%%

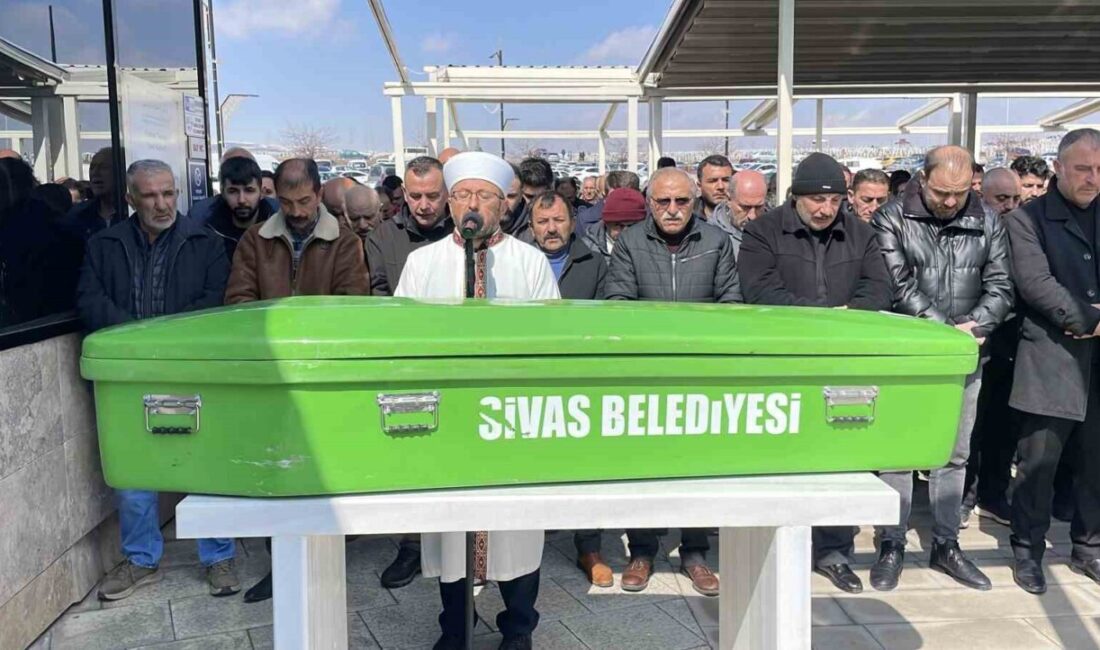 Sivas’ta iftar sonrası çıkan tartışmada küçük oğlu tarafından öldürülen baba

%%
%%

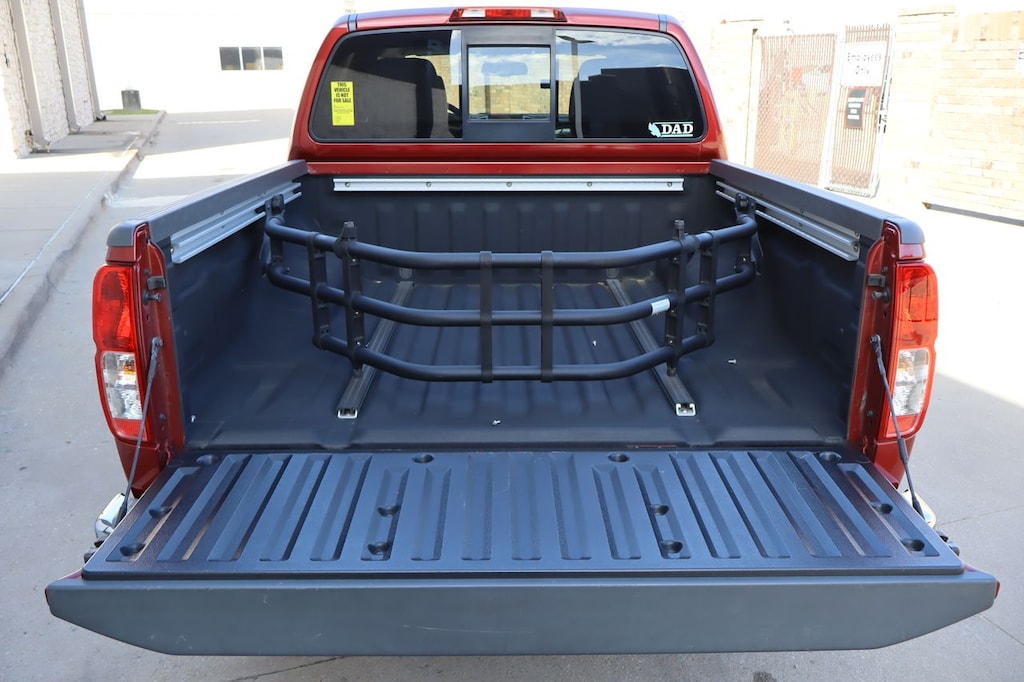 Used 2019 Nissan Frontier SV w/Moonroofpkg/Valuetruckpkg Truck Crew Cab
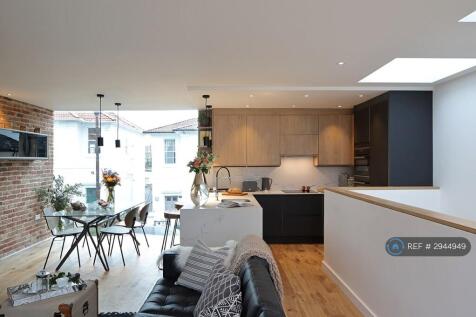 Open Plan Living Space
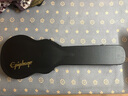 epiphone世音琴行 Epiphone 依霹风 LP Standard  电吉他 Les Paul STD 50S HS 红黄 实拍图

%%
%%

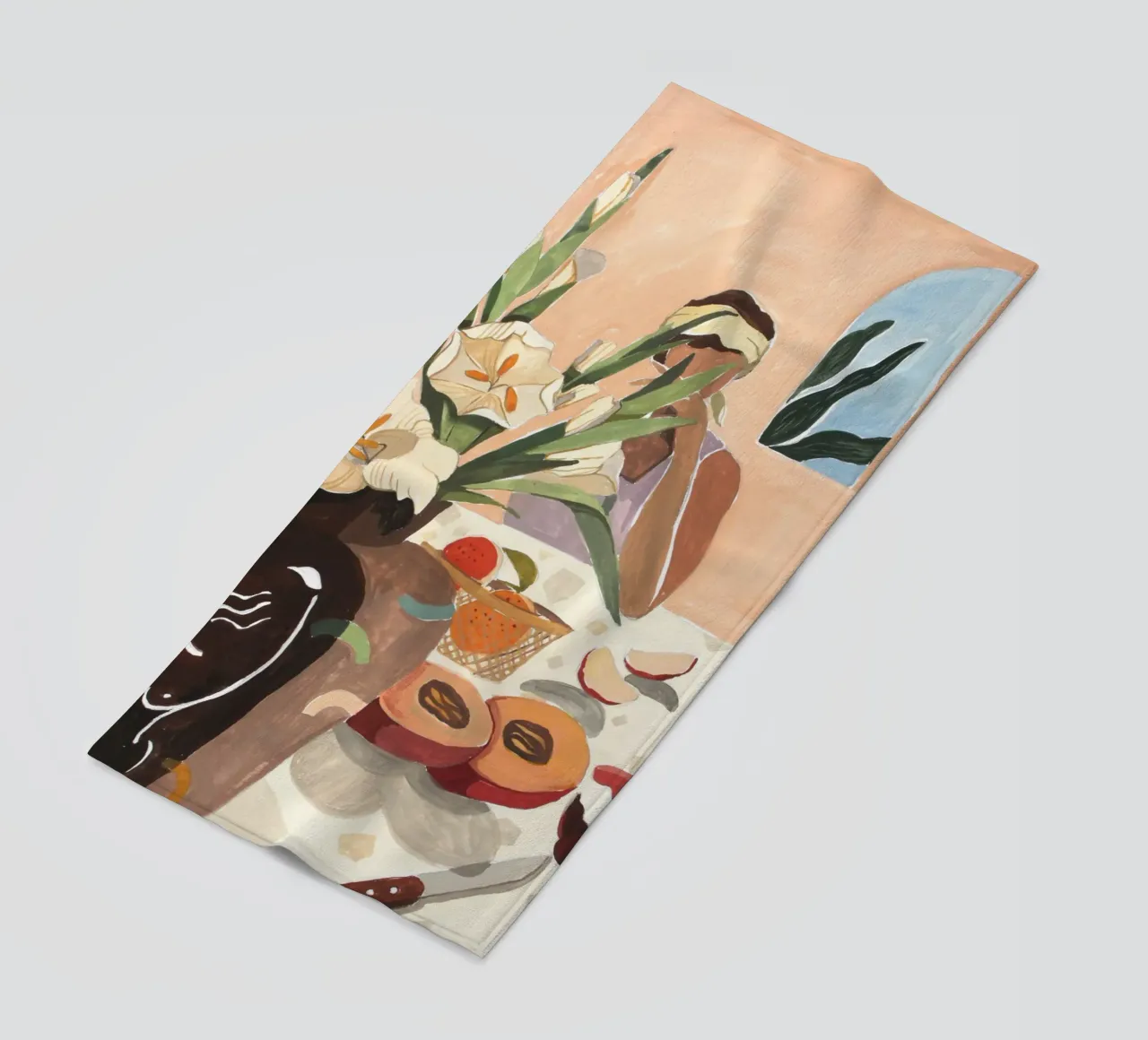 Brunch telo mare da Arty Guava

%%

> [Task item]: Copy exactly the lines of the listing above between the one holding "Open Plan Living Space" and the one holding "epiphone世音琴行 Epiphone 依霹风", inclusive; omit all pictures.

> [Solution below]:
 Open Plan Living Space
 epiphone世音琴行 Epiphone 依霹风 LP Standard  电吉他 Les Paul STD 50S HS 红黄 实拍图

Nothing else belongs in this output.